Compared to MEET, our approach provides smaller code size overheads. Yet, MEET does not suffer from the execution time overhead incurred by runtime code generation. Using Odo, the execution time overheads can be smaller if runtime code generation can be partly or totally hidden, e.g., by executing the SGPC concurrently to other computations. In addition, the security levels obtained by MEET are impressive. In their approach, polymorphism is combined with mask refreshing to remove information leakage from memory accesses. In Odo, memory accesses are blurred by introducing noise memory accesses, but the information leakage due to memory accesses is still present in side-channel observations. Still, our approach allows to reduce the amount of information leakage to the point that the remaining information leakage is not detected by a t-test, without using masking techniques. Our approach could as well be combined with masking, for a greater level of security, but also at the expense of greater overheads. Finally, if the execution time of runtime code generation cannot be hidden, and for comparable execution time overheads, the security level provided by the MEET approach is probably greater than our configuration high with $\omega =100$.

8 RELATED WORK

Amarilli et al. first coined the use of polymorphism by software means as a countermeasure against side-channel attacks [6]. Then, the approaches presented in the previous section have been proposed [3, 5, 16]. As we already deeply discussed them, we do not discuss them in this section.

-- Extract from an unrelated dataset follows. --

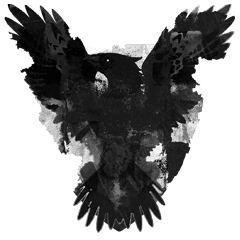 Armored Core Verdict Day, avatar 11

Code polymorphism has also been employed outside the domain of power/electromagnetic side-channel attacks. librando hardens a JIT implementation [23]; it randomly inserts nop instructions and masks constant values with Boolean masks (named constant blinding) to avoid code injection in code constants. Crane et al. also propose to randomly insert nop and load instructions to perturb cache-based side-channel attacks [17]. In our approach, the risk of code injection is void, because the SGPC has no bytecode input; plus, we are able to insert noise instructions of the same nature than useful machine instructions in the generated code. Thus, our approach is probably of interest for cache-based side-channel attacks too, and future work will study its effectiveness.

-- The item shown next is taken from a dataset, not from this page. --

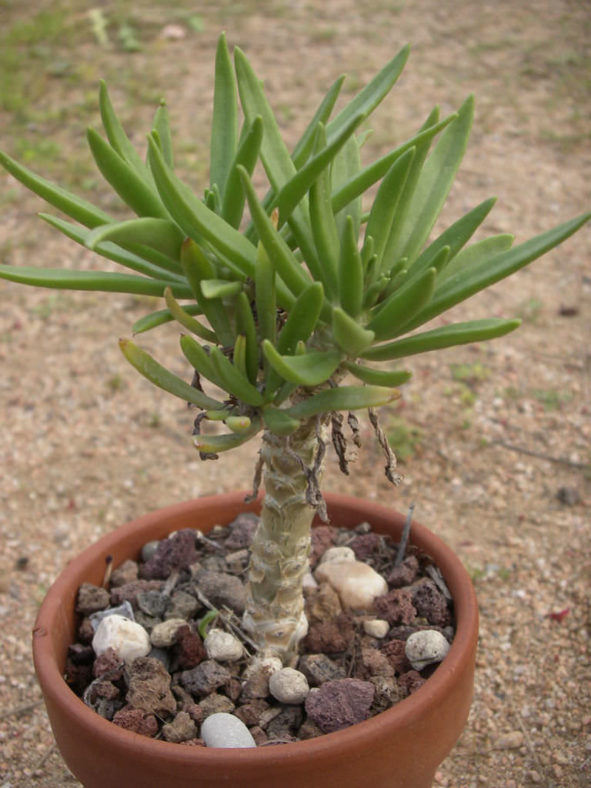 Tylecodon grandiflorus (Dwarf Butter Tree)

Compilation has also been used to automatically apply other countermeasures against side-channel attacks. Agosta et al. proposed to bring out several key hypotheses instead of one during an attack so that the attacker cannot determine which one is the right hypothesis [4].

Several approaches also leveraged compilation to automatically apply Boolean masking. Eldib et al. used an SMT solver in combination with a compilation flow to automatically compute and apply an effective masking scheme [21]. Moss et al. proposed to automatically insert a Boolean masking countermeasure at compile time; a DSL with an dedicated type system allows to describe the level of confidentiality of variables [30]. Agosta et al. proposed a data-flow analysis to determine the vulnerability level of symmetric cryptography primitives [4]. The vulnerability level is a complexity metric based on the number of key bits involved in the computation of each intermediate value; then, the compiler applies a masking countermeasure only to the most vulnerable parts of the secured code to reduce the overall overhead. Bayrak et al. proposed an approach using decompilation and compilation to apply Boolean masking to a binary program [9]. The proposed tool applies the countermeasure on machine instructions that were identified as vulnerable in a preliminary static leakage analysis of the original binary program, and applies a random precharging countermeasure. Luo et al. used a compiler and a SAT solver to automatically generate a threshold implementation [26].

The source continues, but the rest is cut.